▼▼▼

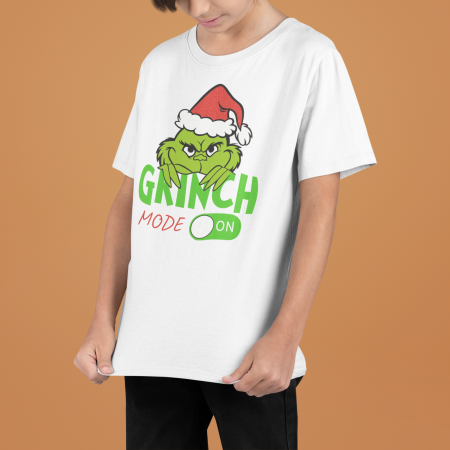 Tricouri copii - Tricou 100% bumbac unisex pentru copii Colectia Craciun – Modele pentru Baieti si Fete cu Grinch, Christmas si Personaje de Sarbatori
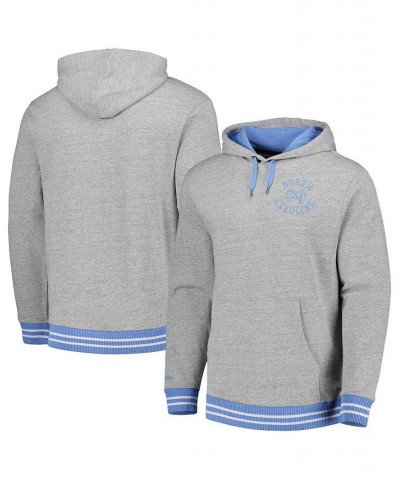 Men's Heather Gray North Carolina Tar Heels Pullover Hoodie $50.00 Sweatshirt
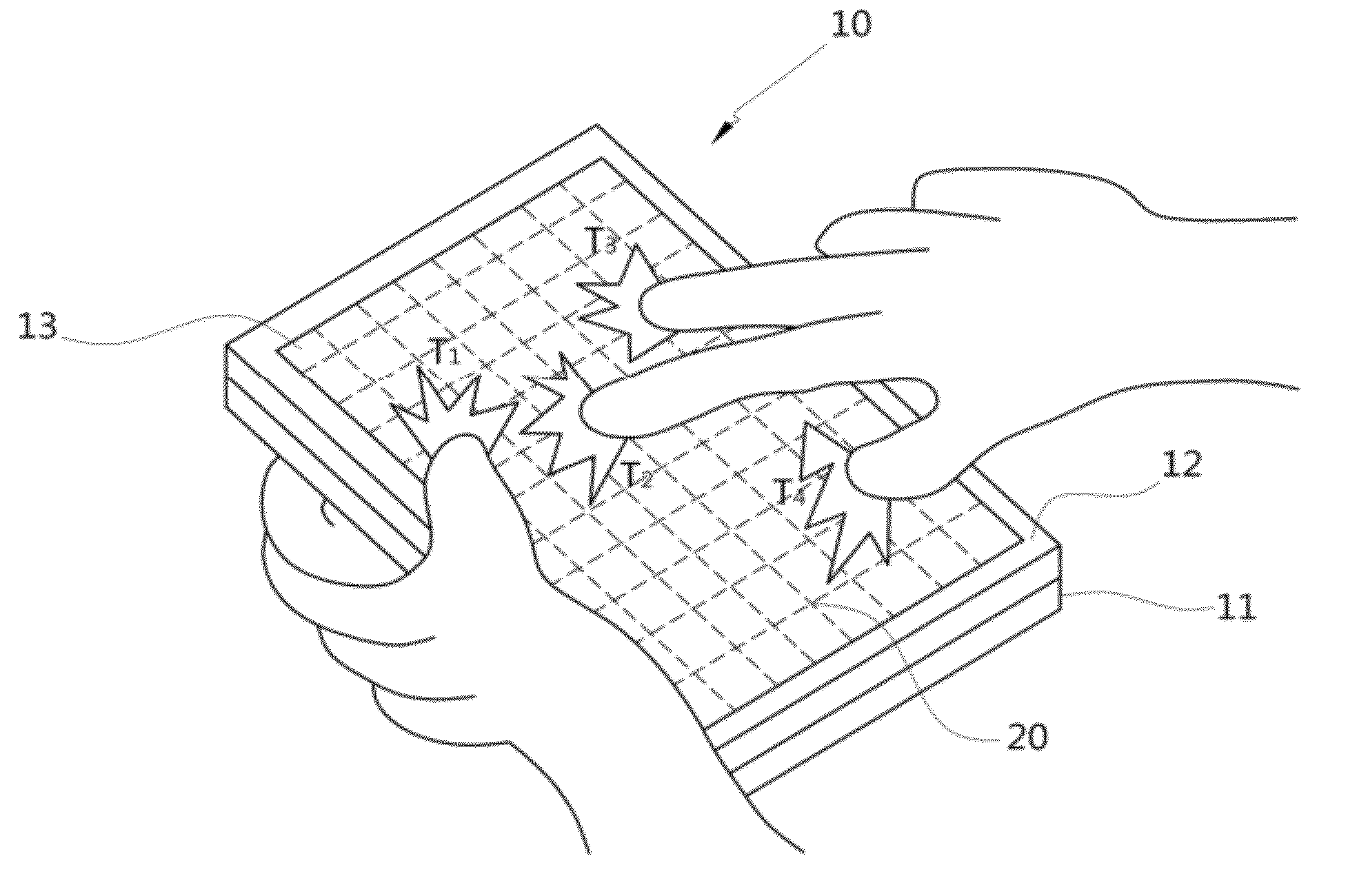 Method for providing a user interface based on touch pressure, and electronic device using same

▲▲▲

:: TASK ::
The expected result is the complete listing above, printed exactly, with no pictures.

:: SOLUTION ::
 Tricouri copii - Tricou 100% bumbac unisex pentru copii Colectia Craciun – Modele pentru Baieti si Fete cu Grinch, Christmas si Personaje de Sarbatori
 Men's Heather Gray North Carolina Tar Heels Pullover Hoodie $50.00 Sweatshirt
 Method for providing a user interface based on touch pressure, and electronic device using same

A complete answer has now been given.